I made my python webapp installable via pip

Running pip3 install pytaku now gives you all the tools you need ¹ ² to deploy pytaku - a hobby webapp of mine - on a fresh Debian 11 server:

pytaku-generate-config > pytaku.conf.json  # generate config file
pytaku-migrate  # generate initial sqlite3 db, or migrate to new version
pytaku -w 5  # run main webapp using gunicorn on localhost:8000
pytaku-scheduler  # daemon that executes scheduled background tasks

# Optionally, run this to copy all static assets to a designated dir so your
# web server (nginx/caddy/etc.) can serve them directly instead of through
# the less performant gunicorn:
pytaku-collect-static /var/www/pytaku

So how does that work? Let’s break it down.

The pytaku-* executables#

Poetry is awesome. Not only does it offer sane dependency management that plays well with the pyenv + virtualenv combo, but it also vastly simplifies building and publishing python libraries. Telling pip to install executables alongside my library is as simple as writing a few lines in my pyproject.toml file:

[tool.poetry.scripts]
pytaku = "pytaku:serve"
pytaku-dev = "pytaku:dev"
pytaku-migrate = "pytaku:migrate"
pytaku-generate-config = "pytaku:generate_config"
pytaku-scheduler = "pytaku:scheduler"
pytaku-collect-static = "pytaku:collect_static"
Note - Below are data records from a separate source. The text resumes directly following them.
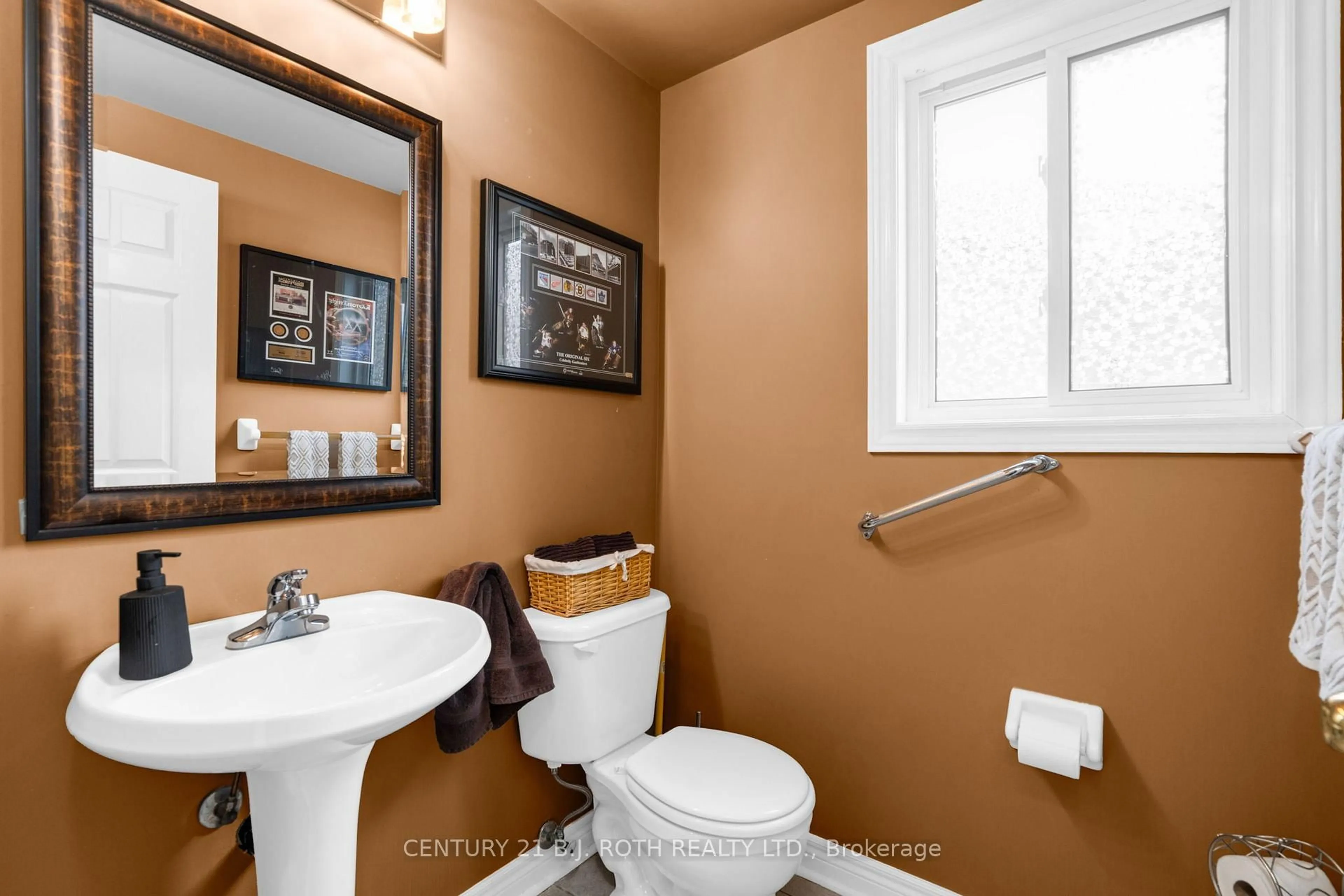 Standard bathroom, ceramic/tile floor for 32 Prince of Wales Dr, Barrie Ontario L4N 0T2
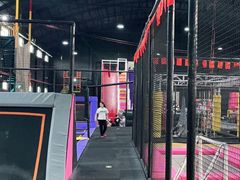 -嘿哟动霸CHUA·新潮玩运动娱乐中心·蹦床滑冰团建乐园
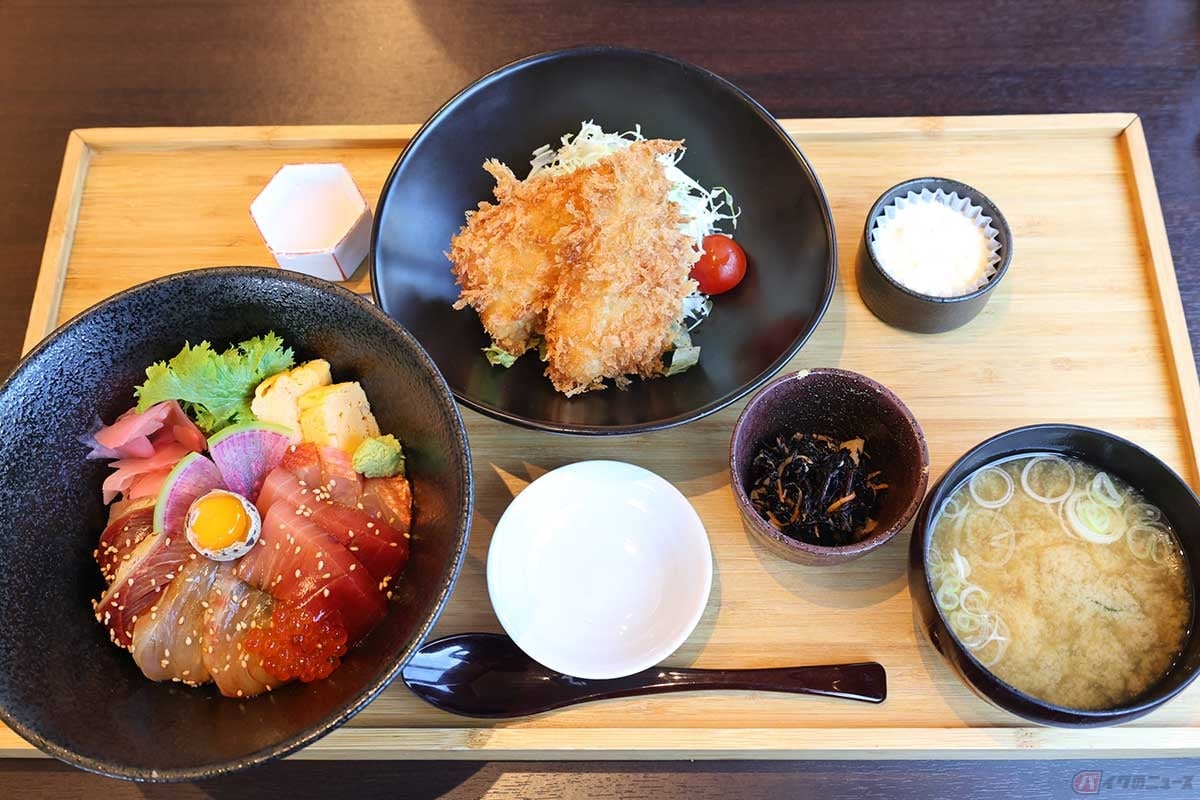 「こじまわらべ」の「特製たまり醤油の贅沢漬け丼+アジフライセット」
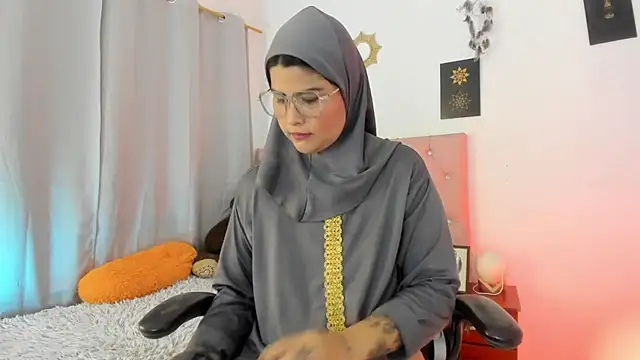 Snapshot of AishaAmin_ chatting on July 6, 2026, 12:34 pm AishaAmin online show from July 6, 2026, 12:34 pm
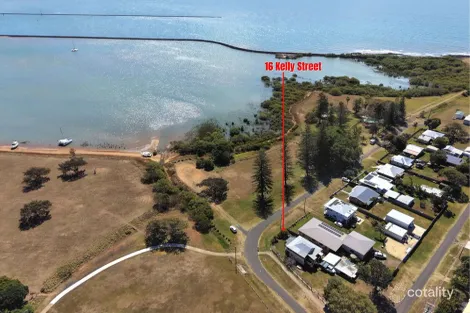 16 Kelly St, Burnett Heads, QLD 4670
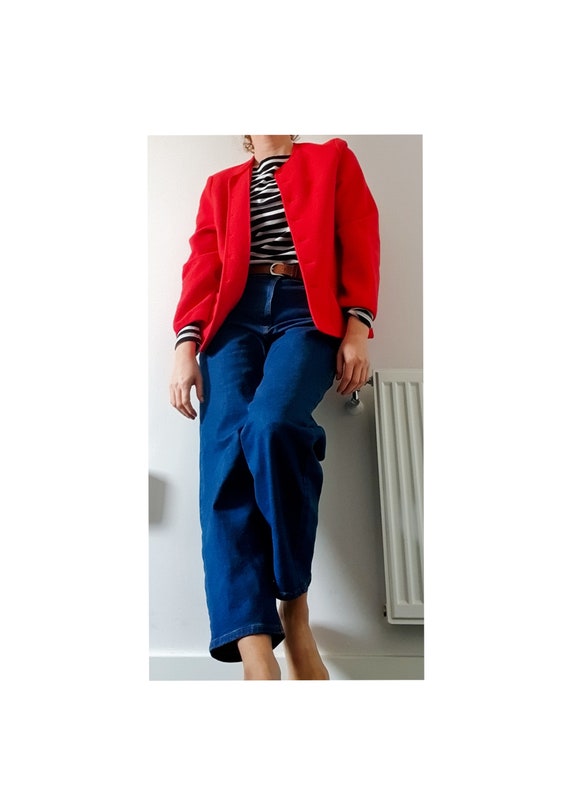 1980's/1990's beautiful Geiger red woolen coat.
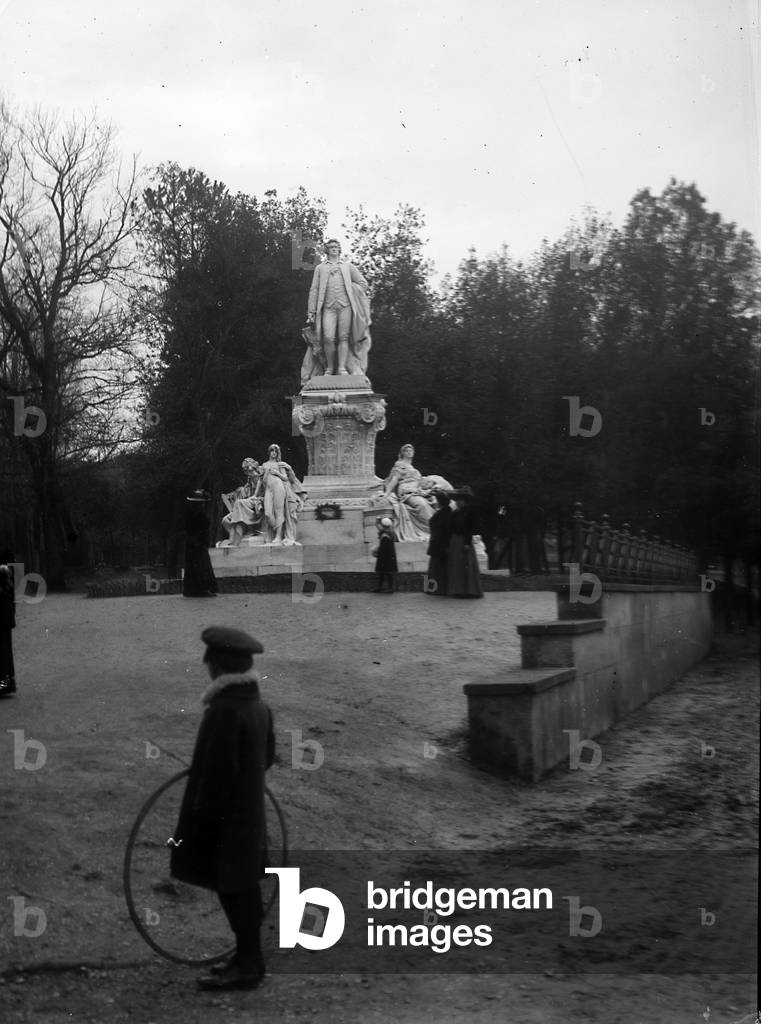 Portrait of the girl group next to the monument Wolfgang Goethe at the Villa Borghese. In the foreground a child with the circle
The left hand side indicates the executable file name, while the right hand side declares which function to call. In my example, “pytaku:serve” points to the serve() function inside src/pytaku/__init__.py.

Now that we have easy access to CLI entry points, let’s quickly go over how each command works:

pytaku and pytaku-dev simply exec gunicorn and flask respectively behind the scene.
pytaku-migrate runs my bespoke migrator script (which is extremely primitive but hey it was a good learning experience).
pytaku-generate-config uses goodconf to generate a config template, pre-filling as many values as it can.
pytaku-scheduler is just a dead simple single-threaded scheduler that I don’t recommend for any service that has more than a handful of users.
pytaku-collect-static leverages importlib.resources.path to get the package’s installation path. From there it copies the bundled static assets to wherever you want your nginx to serve. It’s basically a simplified version of Django’s collectstatic command.

But why bother?#

Lincoln Loop’s series of Django-related blog posts were my main inspiration. Central to this idea is Using setup.py in Your (Django) Project, which explains both how and why you would want to make your python project pip-friendly. The “why” boils down to 2 points:

You don’t want to reinvent package management. Let pip handle the minute details of packaging, distributing, versioning, etc. for you.
You no longer need to run python from the source code’s path. In pytaku’s case, the working dir now only stores the sqlite database file and the json config file, i.e. purely data, completely separate from the source code.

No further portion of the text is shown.